═══ Data under study
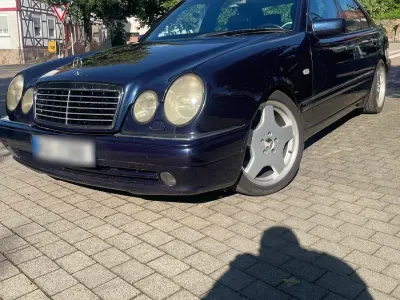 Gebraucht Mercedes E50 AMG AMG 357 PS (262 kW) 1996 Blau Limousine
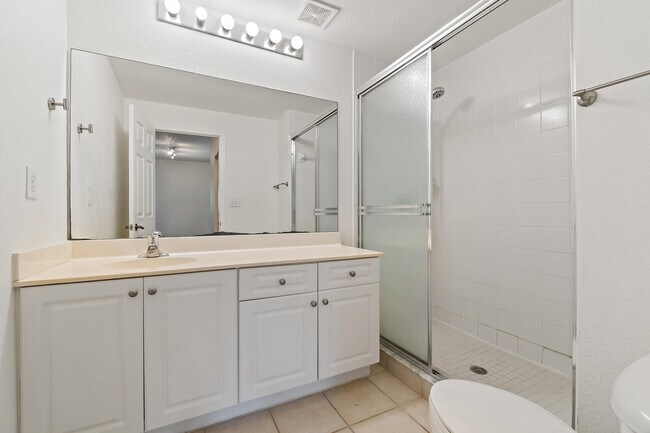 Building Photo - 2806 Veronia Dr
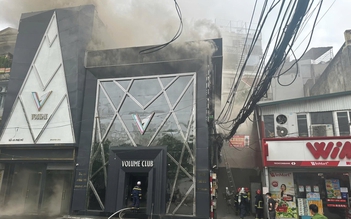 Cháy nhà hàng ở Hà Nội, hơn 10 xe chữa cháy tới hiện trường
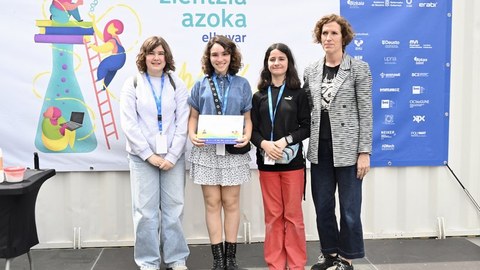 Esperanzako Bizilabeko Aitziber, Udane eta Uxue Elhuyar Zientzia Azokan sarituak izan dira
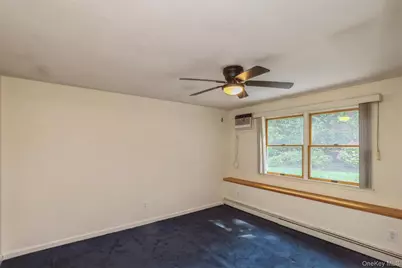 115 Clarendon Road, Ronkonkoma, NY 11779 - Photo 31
══════
The task:
Find the line that contains "Building Photo - 2806 Veronia Dr". Copy it and every line after it through the end of the listing exactly, but not the pictures.

Answer space:
 Building Photo - 2806 Veronia Dr
 Cháy nhà hàng ở Hà Nội, hơn 10 xe chữa cháy tới hiện trường
 Esperanzako Bizilabeko Aitziber, Udane eta Uxue Elhuyar Zientzia Azokan sarituak izan dira
 115 Clarendon Road, Ronkonkoma, NY 11779 - Photo 31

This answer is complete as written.